▶ _Data_
----------------------------------------
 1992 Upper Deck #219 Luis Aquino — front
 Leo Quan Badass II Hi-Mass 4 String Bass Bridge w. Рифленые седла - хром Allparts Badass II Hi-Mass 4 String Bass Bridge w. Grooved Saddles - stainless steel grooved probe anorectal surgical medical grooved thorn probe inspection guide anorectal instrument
----------------------------------------
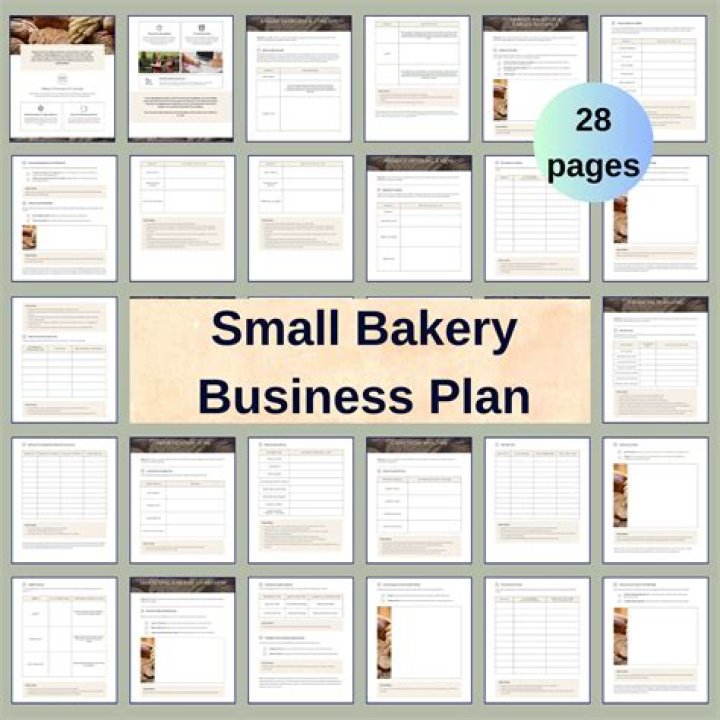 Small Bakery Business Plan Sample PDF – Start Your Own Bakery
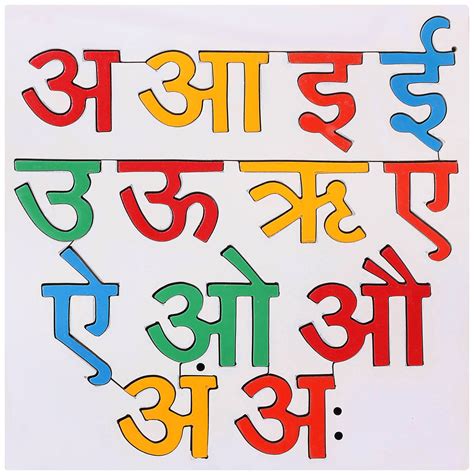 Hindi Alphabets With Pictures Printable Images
----------------------------------------
Going back over the entries above, copy word for word every line from the one that has "1992 Upper Deck #219 Luis Aquino — front" on through the one that has "Leo Quan Badass".

 1992 Upper Deck #219 Luis Aquino — front
 Leo Quan Badass II Hi-Mass 4 String Bass Bridge w. Рифленые седла - хром Allparts Badass II Hi-Mass 4 String Bass Bridge w. Grooved Saddles - stainless steel grooved probe anorectal surgical medical grooved thorn probe inspection guide anorectal instrument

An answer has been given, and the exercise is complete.